Anyone found any obvious differences compared to using the stock model?
I know a few people have downloaded a few versions of the text encoders to carry out some basic testing, but I have not seen any extensive test results. Usually I see some slight changes to the output images, but no conclusive results.
Is there anyone else who has found any interesting results to share?
not really, just tried it with a gguf clip loader node in comfyui and did not get much of a difference in my results.
less likely to cover up nudity or stray away from things. if you're doing normal gens the whole point is to keep it similar to the original.
longer explanation:
So the way this works is that you can use ANY qwen 4b as the TE. No actual text is generated, the model makes embeddings. I have tried several de-censored qwens, RP models whatever I could find. They can make some interesting stuff but the DiT isn't trained on them. You might get worse prompt following, aberrations like second limbs or straight up artifacts, etc. The z-image authors state in an issue that they trained the qwen along with the image portion, hopefully they're not bullshitting; I haven't done a hash on them. So using random qwens has the downside of missing that.
What we don't want is the model to generate a "refusal" embedding because of the prompt. That's how your women end up clothed, putting their arms over their naughty bits etc. Abliteration, while not perfect, deletes this. So my suggestion is to try a few different qwens and see which one you like best, they're pretty small.
Full model would be nice for some (to quant to different types, doing scaled and so on). Thanks for doing this. Your model should align better than most with Z-image, given they trained it with it. I mean, if they did. π
Full model is: https://huggingface.co/Lockout/qwen3-4b-heretic-zimage/tree/main/qwen-4b-zimage-heretic
I should also upload the re-run, it has way lower KLD.
how do you get a single .safetensors file? I do:
cat model-00001-of-00002.safetensors model-00002-of-00002.safetensors > qwen_3_4b-hereticV2-zimage.safetensors
but it throws an error (both GGUF and the original model works fine)
@CamiloMM Personally, I use the python safetensors library to do the merging.
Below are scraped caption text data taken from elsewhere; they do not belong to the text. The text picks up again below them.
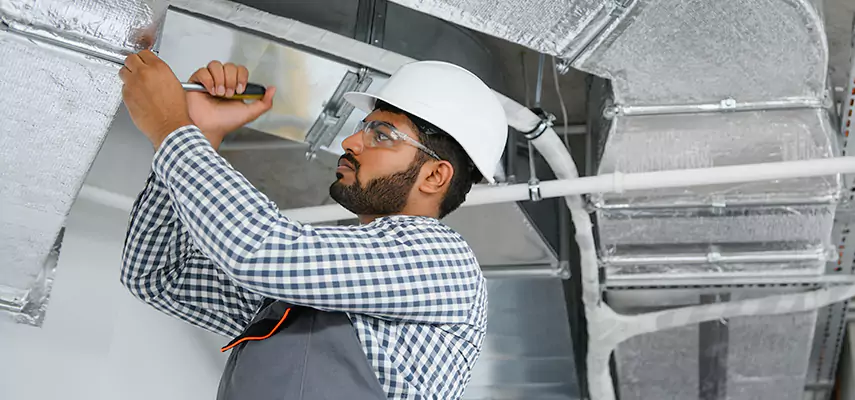 HVAC System Duct Cleaning Sweetwater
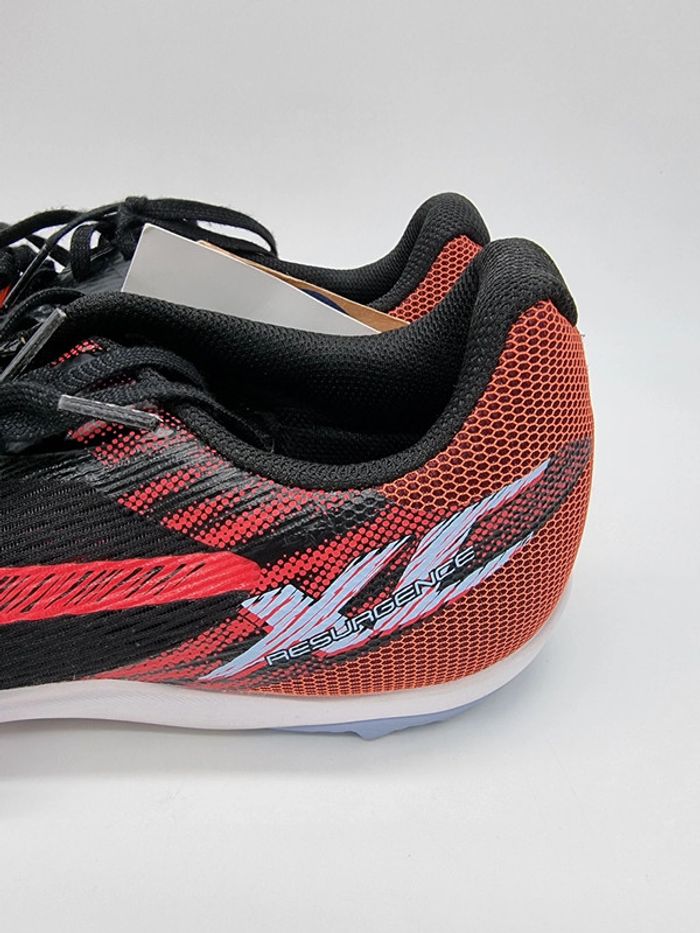 Asics chaussure d'athlétisme Asics Resurgence XC * P44 * - photo numéro 4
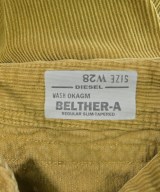 DIESEL（ディーゼル）その他 黄 サイズ:28(S位) メンズ/2200652428056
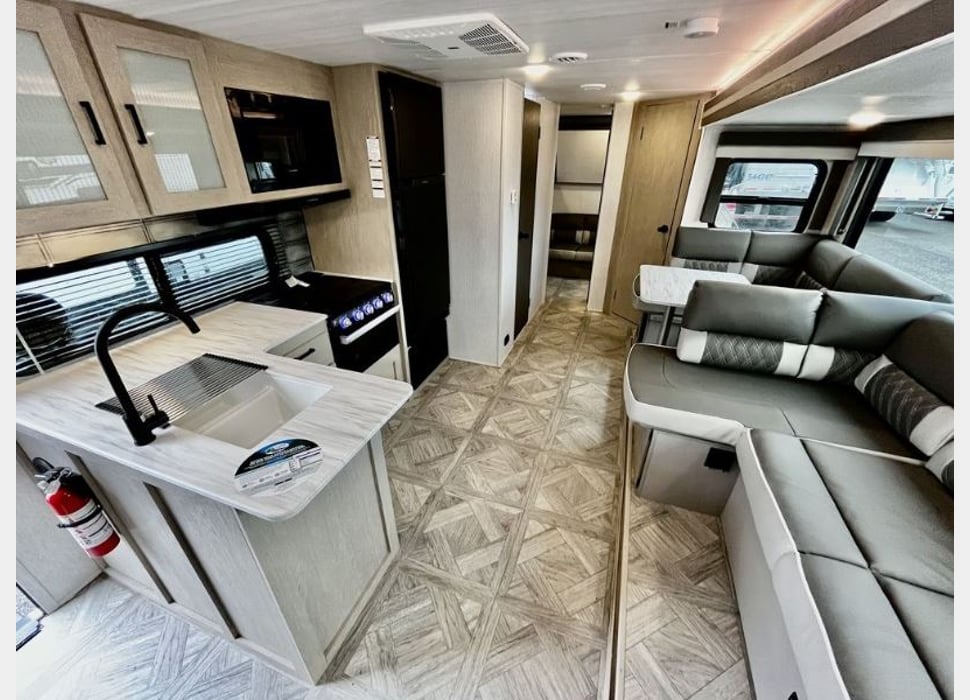Travel Trailer rentals in Virginia Beach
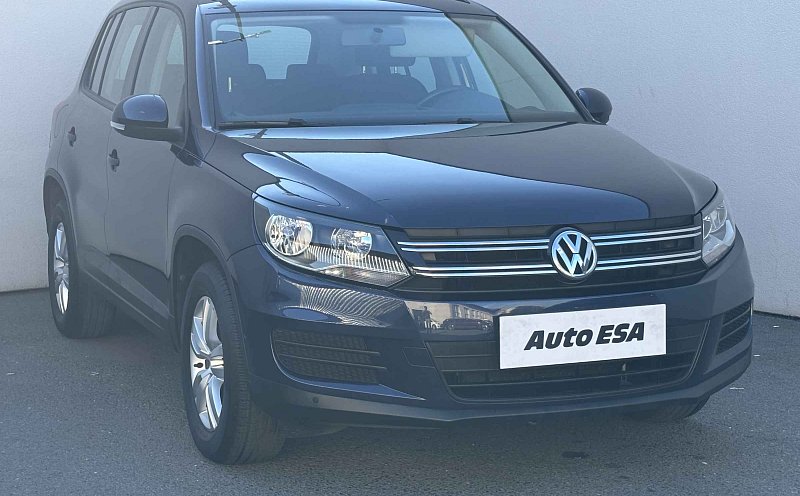 Volkswagen Tiguan 1.4 TSi Trend&Fun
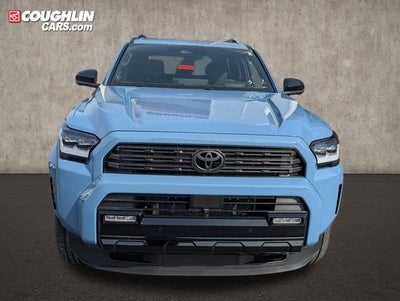 2026 Toyota 4Runner i-FORCE MAX 4Runner Platinum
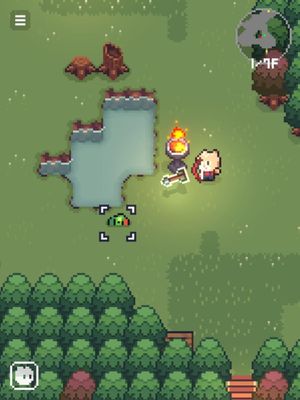 The Way Home: Dungeon Cat screenshot 3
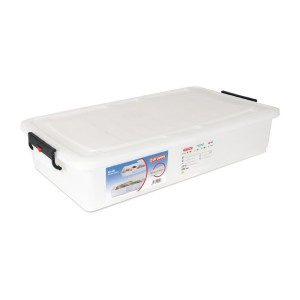 Conteneur Alimentaire avec Couvercle - 40L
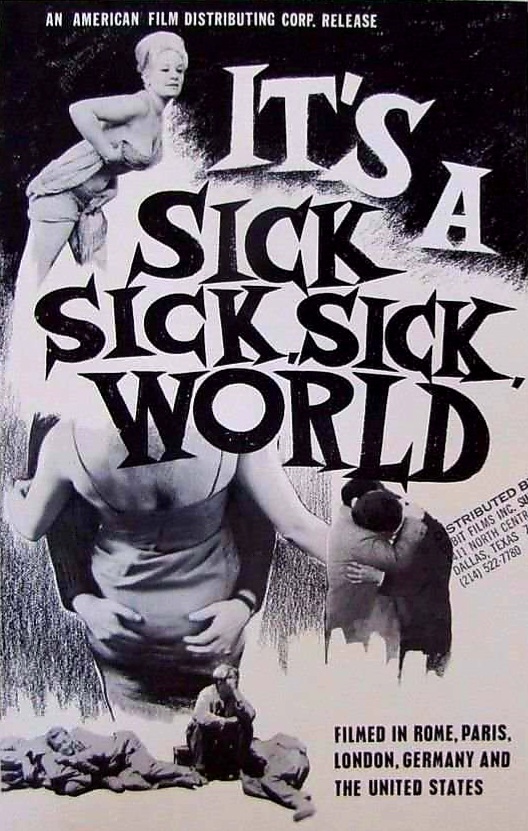 It's a Sick, Sick, Sick World (1965) Screenshot 1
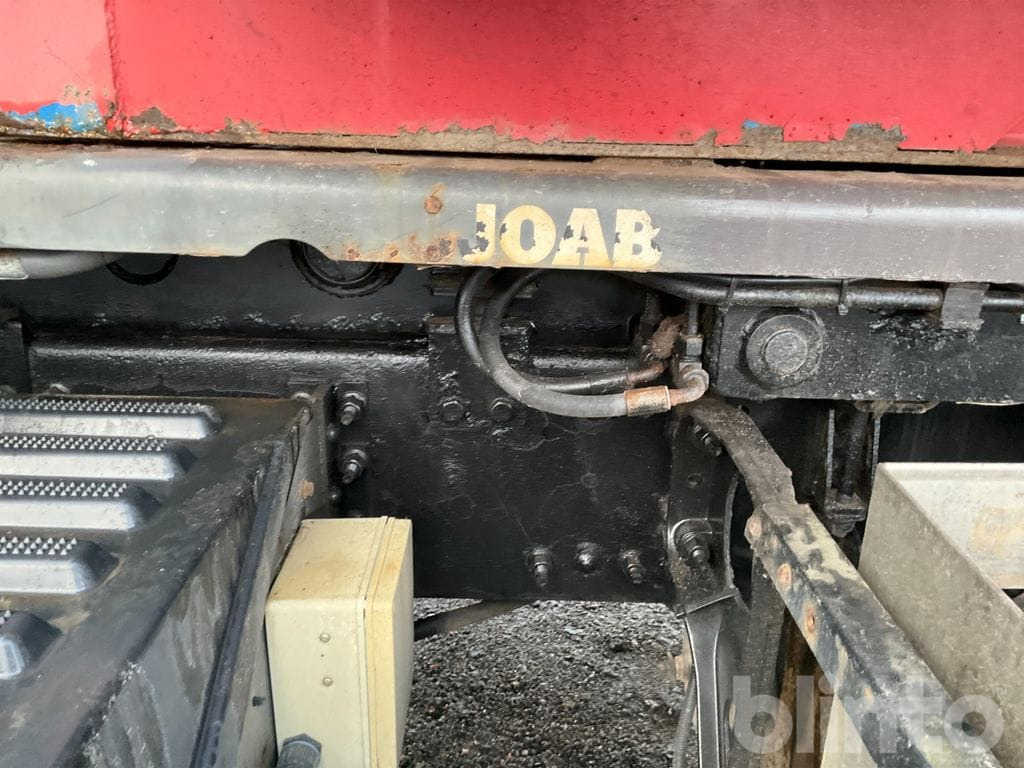 Xe tải VOLVO FH 6*2: hình 20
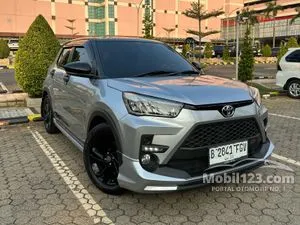 2024 Toyota Raize 1.0 GR Sport TSS (2 Tone) SUV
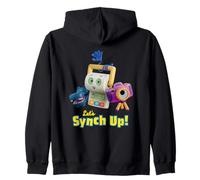 Disney and Pixar's Toy Story 5 Let's Synch Up! Sudadera con Capucha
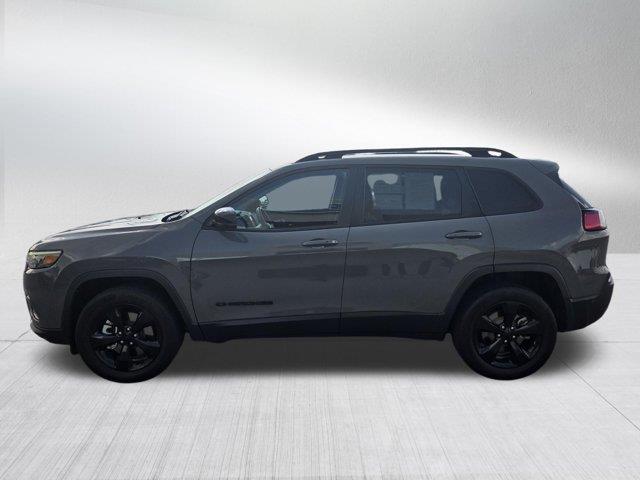 2023 Jeep Cherokee - $21,849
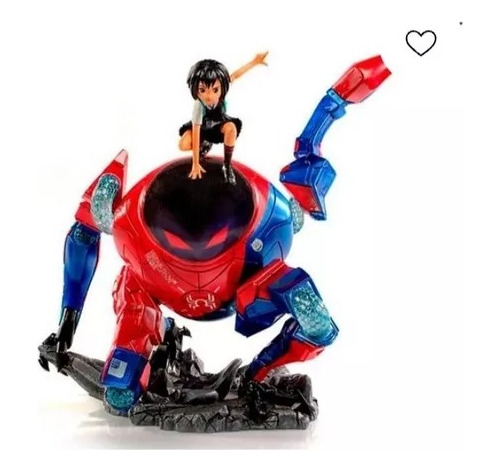 Figura Peni Parker Spider-man Into The Spiderverse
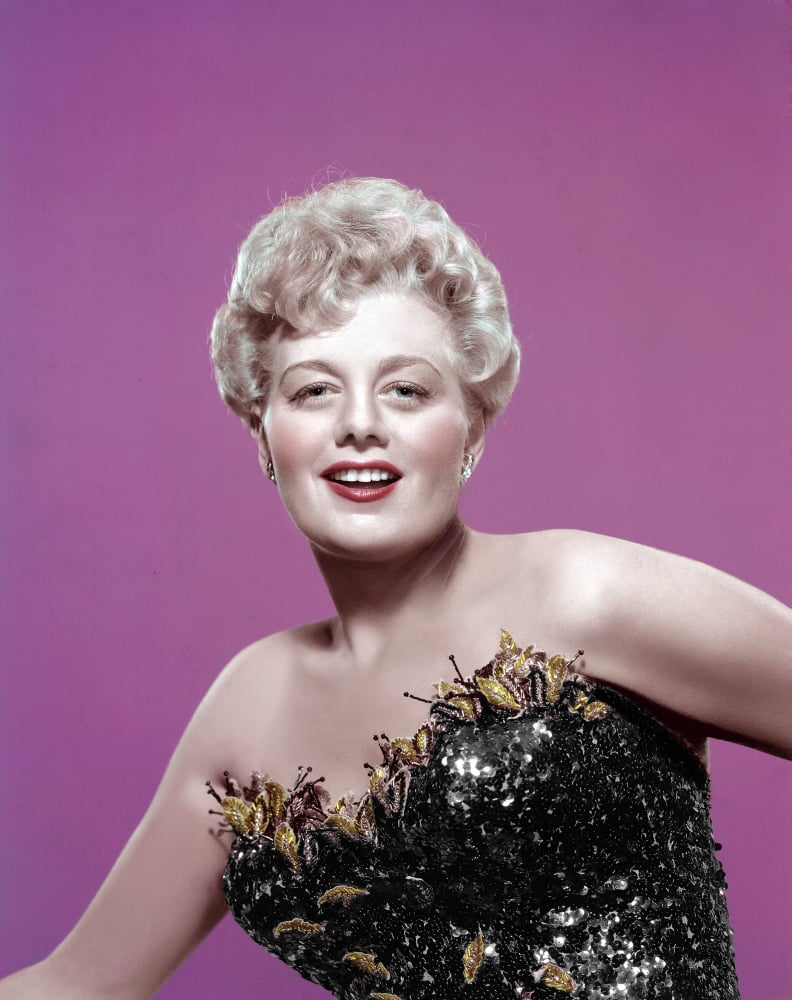 Shelley Winters Canvas Art - (16 x 20)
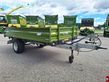 Volquet - Fliegl - edk 60 mit hydr. bremse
The following code snippet should work:
from safetensors.torch import load_file, save_file
state_dict1 = load_file("model-00001-of-00002.safetensors")
state_dict2 = load_file("model-00002-of-00002.safetensors")
merged_state_dict = state_dict1 | state_dict2
save_file(merged_state_dict, "qwen_3_4b-hereticV2-zimage.safetensors")
@CamiloMM Personally, I use the python
safetensorslibrary to do the merging.
Thanks, that worked!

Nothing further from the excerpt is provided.